DAL MONDO. Il 29 giugno 2014 veniva proclamato il “Califfato” dell’Isis
Militanti Isis presso la provincia irachena di Salahuddin (foto AFP)
Militanti Isis presso la provincia irachena di Salahuddin (foto AFP)

Si trasforma in tragedia anche una vacanza sulle spiagge della Tunisia. È ancora presto per dire se e in che misura sia coinvolto il gruppo terrorista Stato islamico (Isis), ma – a distanza di un anno esatto dalla proclamazione del sedicente Califfato – l’Isis è diventato una minaccia globale, intravista dietro ogni attentato che sia feroce e attuato da kamikaze.

Prima, lo “spettro che si aggirava per il mondo” era Al Qaeda; ora ci si chiede se le due formazioni confluiranno in una. (A noi occidentali potrà sembrare che l’estremismo islamico sia tutto uguale ma, di fatto, solo di recente Al Qaeda e Isis hanno cominciato a cercare vie di collaborazione).

Un anno. Riprecorriamo brevemente i fatti. Il 29 giugno 2014, Ibrahim al-Badri, ossia Abu Bakr al-Baghdadi, proclamò la nascita del Califfato in un territorio compreso tra Siria e Iraq, conquistato dalle milizie fondamentaliste dell’Isis, che era emerso alla luce un po’ prima.

Mosul, Ramadi, Raqqa, Palmira sono alcune delle località su cui ora sventola il vessillo nero del Califfo. Da quel momento una lunga scia di sangue: dal Maghreb al Mashreq, dal Golfo arabico fino all’Afghanistan, jihadisti di varie provenienze hanno espresso fedeltà al califfo Al Baghdadi.

Le stragi contro le minoranze irachene yazide e cristiane, l’uso sistematico dello stupro, della tortura, della pena di morte, dei rapimenti, sono i mezzi abituali con cui i “miliziani neri” impongono la loro supremazia alle popolazioni conquistate. Il tutto, seguendo passo dopo passo un dettagliato manuale di guerra rimasto segreto fino a poco fa, poi rivelato da un’inchiesta del settimanale tedesco Der Spiegel.

A fare da cassa di risonanza mondiale per il movimento terrorista sono state le decapitazioni di prigionieri occidentali, a cominciare dal giornalista americano James Foley il 19 agosto 2014. Il bilancio delle vittime sale giorno dopo giorno: alcune stime lo fissano in almeno 15 mila morti, e va ricordato che la maggioranza di loro erano musulmani. L’Isis non combatte l’Occidente, combatte tutto ciò che non coincide con se stesso. Le minacce si sono estese all’Occidente: “Arriveremo a Roma” ha annunciato tempo fa il Califfo.

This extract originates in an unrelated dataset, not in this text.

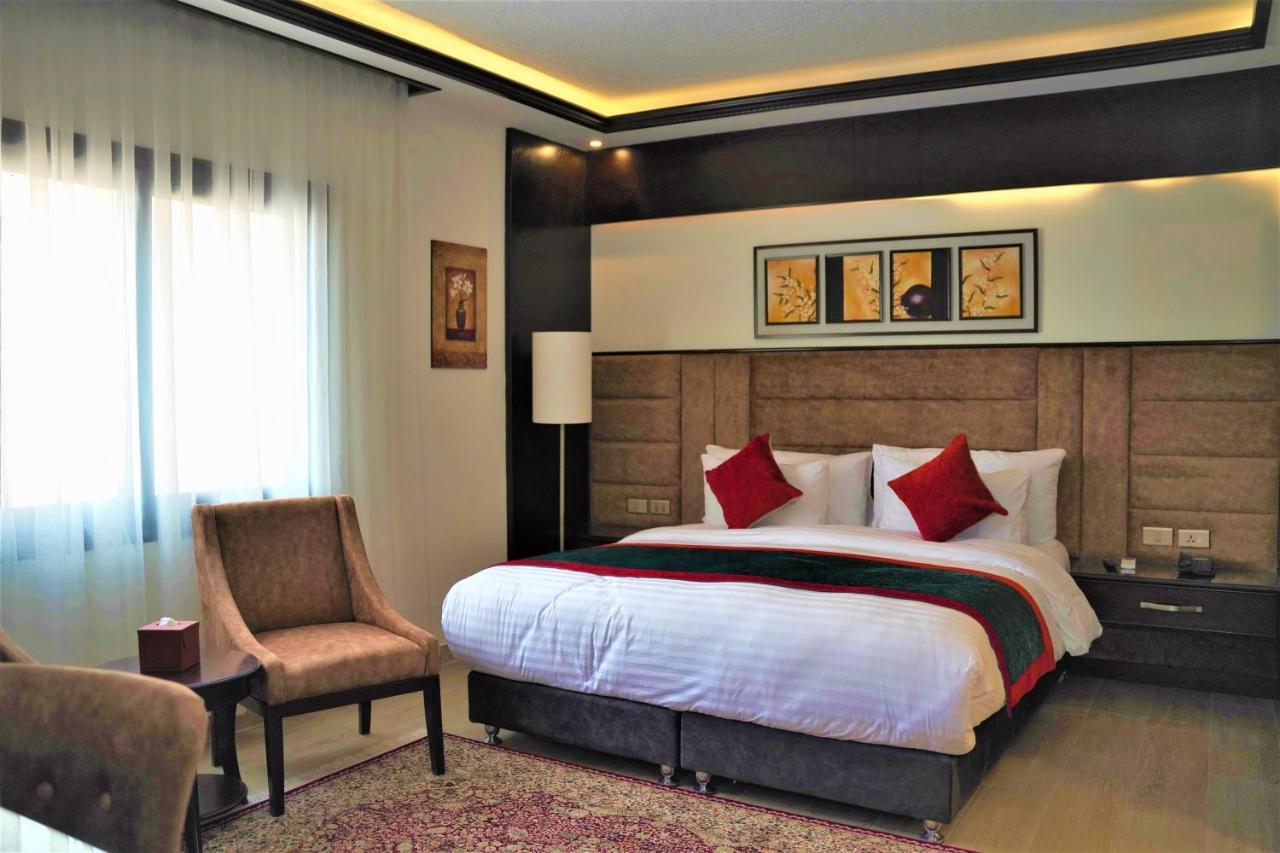 Petra Canyon Hotel Вади Муса Екстериор снимка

I Governi sembrano aver sottovalutato il fenomeno almeno fino a stragi come quella di Charlie Ebdo a Parigi, o al Museo del Bardo a Tunisi.

I cristiani delle aree occupate dall’Isis sono in una situazione disperata. Giorni fa, tra gli altri, il senatore John McCain e Tony Perkins, presidente del Family Research Council americano, hanno rilasciato una dichiarazione in cui si afferma che la strategia di Usa e Europa non sta minimanente fermando i massacri dei fedeli in Cristo.

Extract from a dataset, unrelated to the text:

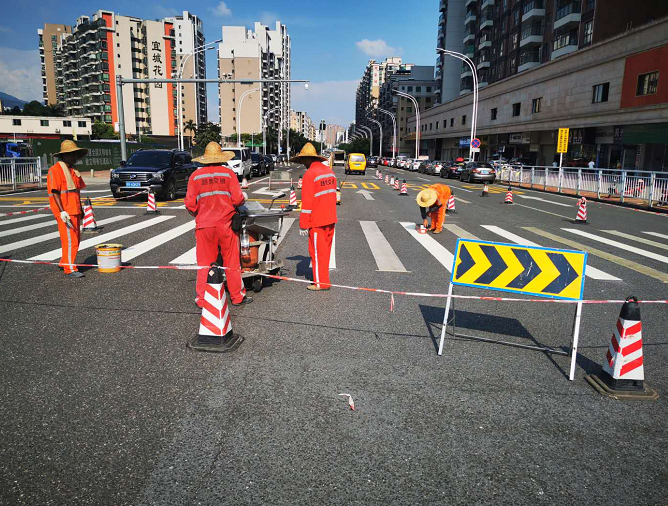 彩色喷涂道路路面有哪些特色呢?道路划线公司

I miliziani – hanno denunciato – “stanno commettendo feroci atrocità contro le comunità cristiane in Siria e in Iraq, preseguitando le minoranze religiose e distruggendo intere città, intere economie locali. I cristiani fuggono dalle loro case in numero sempre più grande, creando una crisi migratoria esplosiva che avrà pesanti ripercussioni sulla stabilità e sicurezza dell’intera area”.

Dopo un anno, l’Occidente – e non solo – si ritrova a dover prendere misure per salvaguardare la sicurezza interna dalle minacce dei terroristi, che trovano reclute direttamente sul territorio: vedi i killer di Charlie Ebdo, vedi il killer tunisino, che lavorava come animatore di spiaggia.

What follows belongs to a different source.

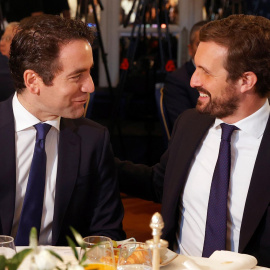  El presidente del Partido Popular, Pablo Casado (d), conversa con el secretario general del partido, Teodoro García Egea, durante su participación en el desayuno informativo del Fórum Europa, organizado por Nueva Economía Fórum, este jueves, en un h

Sostanzialmente, bravi ragazzi, disagiati per vari motivi, che vengono “assunti” per uccidere, come fanno le mafie in Italia. È lecito, chiedersi che cosa si stia facendo per evitare che le nuove generazioni musulmane conoscano solo odio religioso e intolleranza. Non saranno certo gli aerei della Coalizione a mettere la parola “fine” allo Stato islamico.